Roman Naming Conventions - Mid/late Republic To The Early Empire

Mid/late Republic To The Early Empire

Although the tria nomina convention is often seen as the classic Roman naming convention, in fact it was only predominant from the mid-republican period to the early Empire, and then only amongst the elite. It is likely that it is only thought of as the classic naming convention because it was typical of the best documented class in the best documented Roman period.

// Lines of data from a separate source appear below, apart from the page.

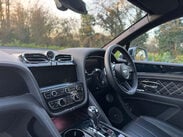 Bentley Bentayga 4.0 Bentayga V8 Auto 4WD 5dr 25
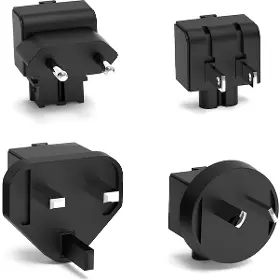 Produktový obrázek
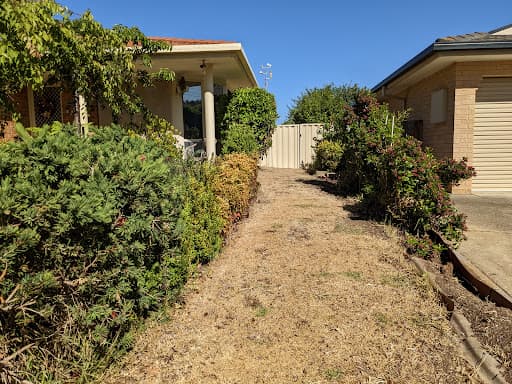 Australian Outdoor Living — Customer photo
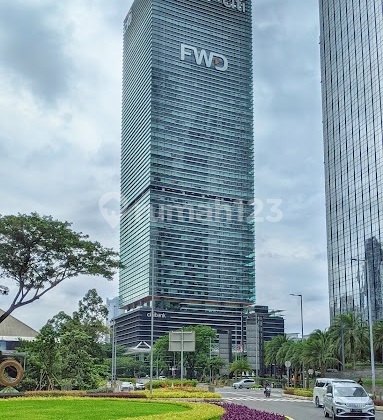 Sewa Ruang Kantor Pacific Century Place Area Sudirman, Jakarta Selatan Sewa Ruang Kantor Pacific Century Place Area Sudirman, Jakarta Selatan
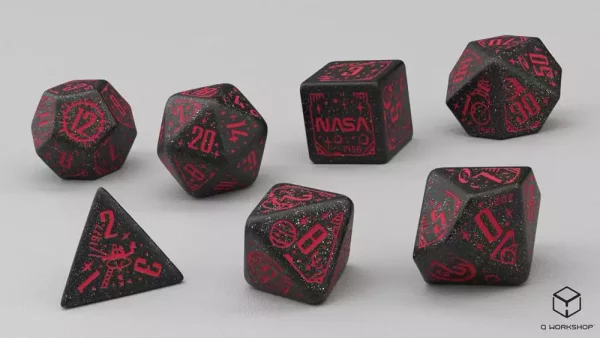 space-dice-set-voyager-7-1751296608-2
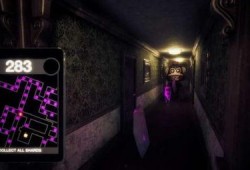 黑暗欺骗搞笑爆料视频,搞笑爆料视频幕后真相大曝光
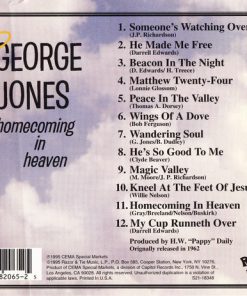 George Jones (2)-1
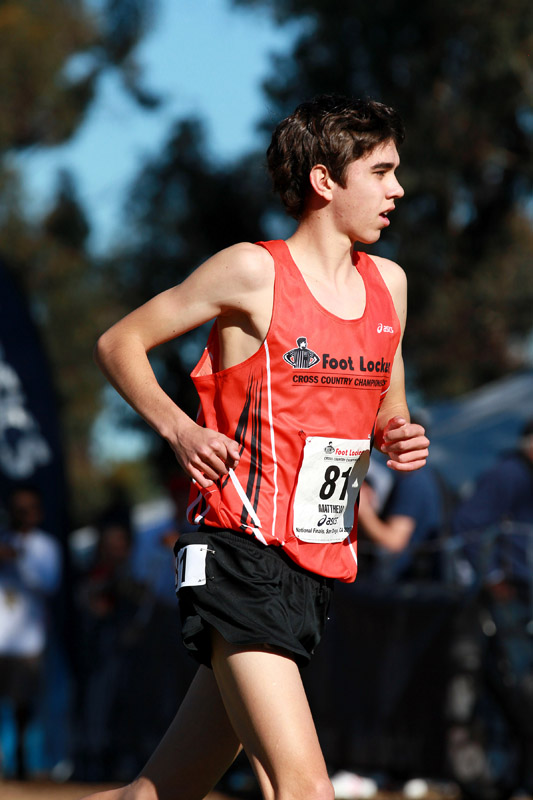 Maton_MatthewInt-FLxcFinal13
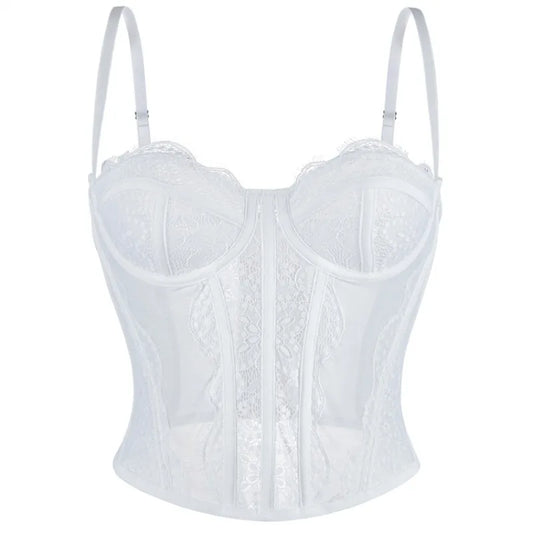 Lili Corset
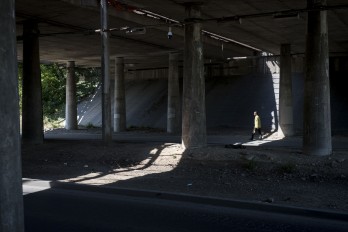 06-2020-05-19-reportage-deconfinement-094.jpg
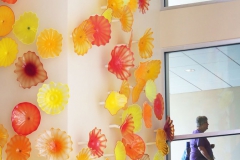 5e582b3d151d3.image_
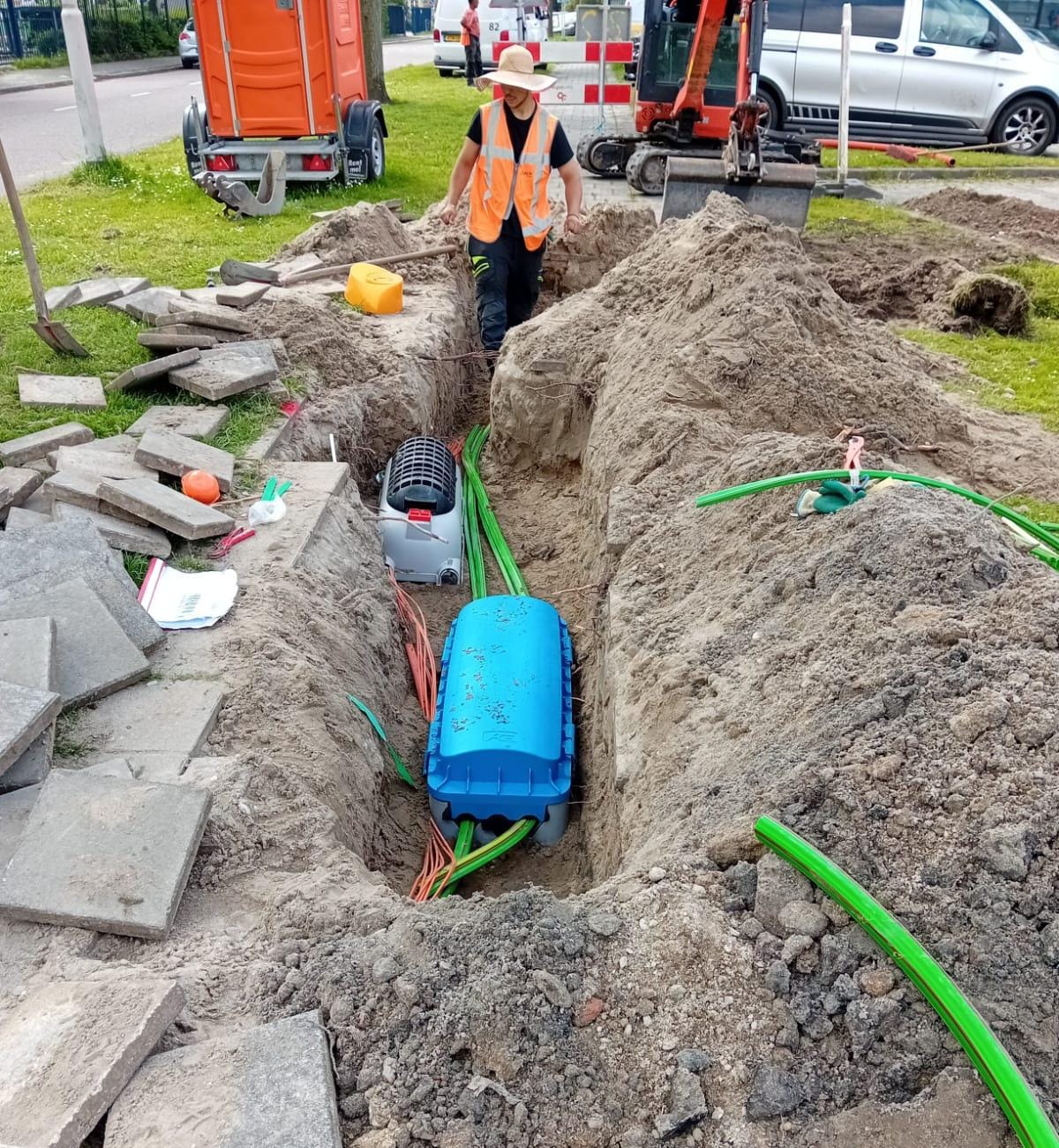 Klik hier voor een Vergroting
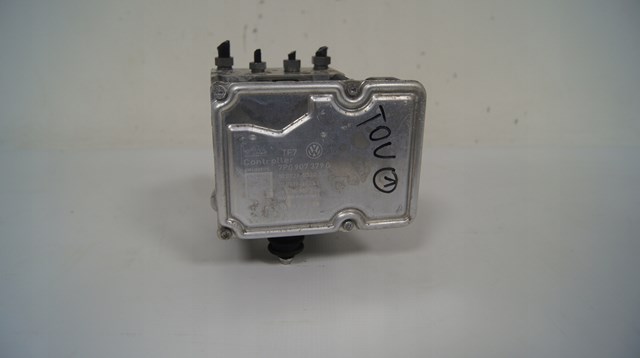  7P0907379G VAG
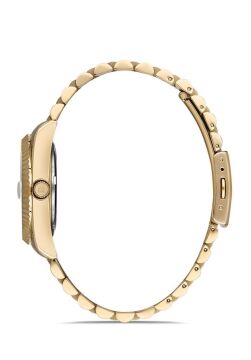 Momentus CW132G-15SG Bayan Kol Saati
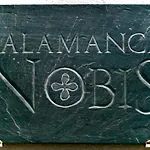 Hotel Nobis Salamanca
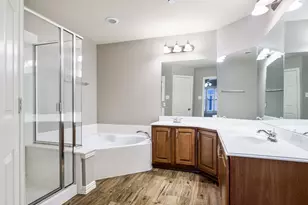 3213 Carlisle St, Bedford, TX 76021 - Photo 15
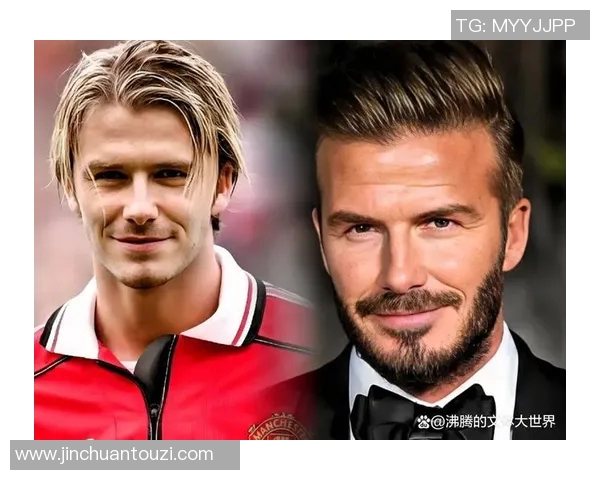 足球巨星威力全解析：从场上霸气到全球影响力的深度剖析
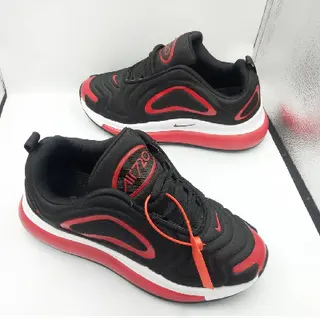 Product image attachment 1 - Air 720 shoes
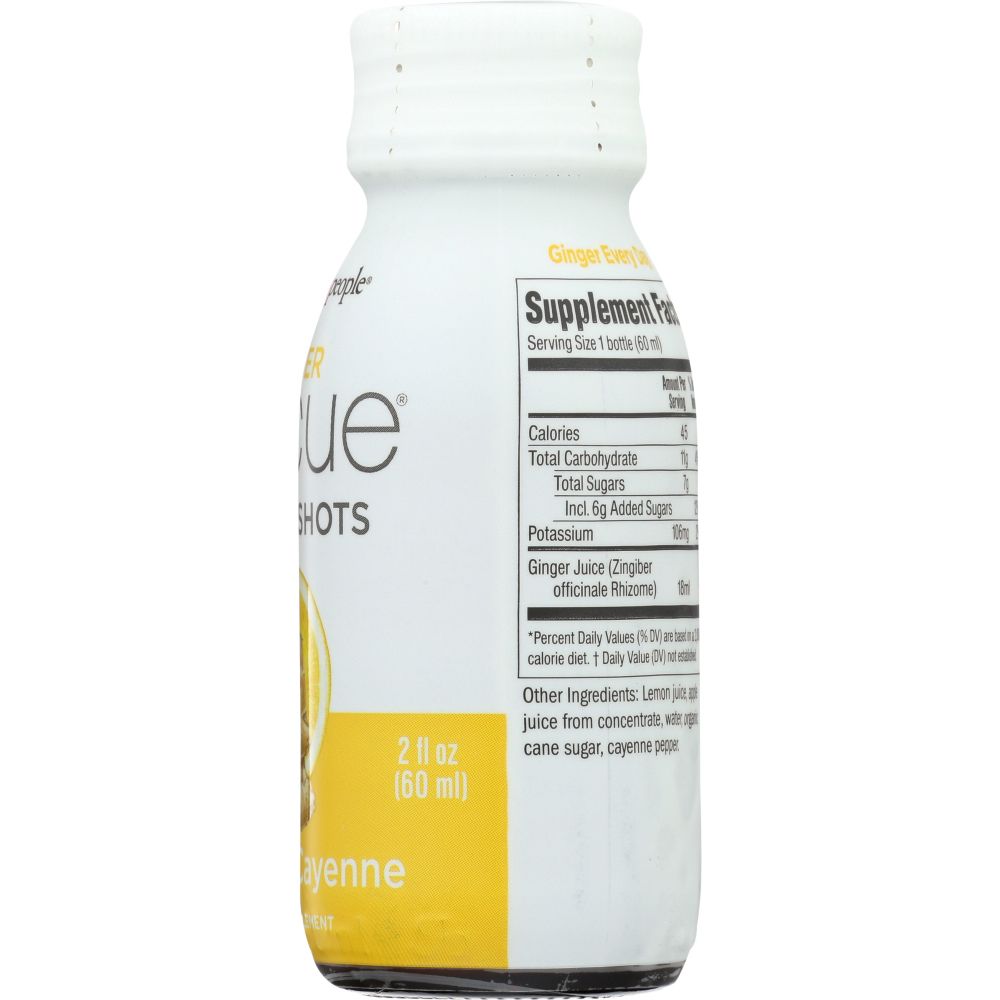 Product GDS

Read more about this topic:  Roman Naming Conventions

Famous quotes containing the words mid, late, republic, early and/or empire:

    At the mid hour of night, when stars are weeping, I fly
    To the lone vale we loved when life was warm in thine eye,
    Thomas Moore (1779–1852)

    I ... would rather be in dependance on Great Britain, properly limited, than on any nation upon earth, or than on no nation. But I am one of those too who rather than submit to the right of legislating for us assumed by the British parliament, and which late experience has shewn they will so cruelly exercise, would lend my hand to sink the whole island in the ocean.
    Thomas Jefferson (1743–1826)

    Paper is cheap, and authors need not now erase one book before they write another. Instead of cultivating the earth for wheat and potatoes, they cultivate literature, and fill a place in the Republic of Letters. Or they would fain write for fame merely, as others actually raise crops of grain to be distilled into brandy.
    Henry David Thoreau (1817–1862)

    Our instructed vagrancy, which has hardly time to linger by the hedgerows, but runs away early to the tropics, and is at home with palms and banyans—which is nourished on books of travel, and stretches the theatre of its imagination to the Zambesi.
    George Eliot [Mary Ann (or Marian)

    The sea, washing the equator and the poles, offers its perilous aid, and the power and empire that follow it.... “Beware of me,” it says, “but if you can hold me, I am the key to all the lands.”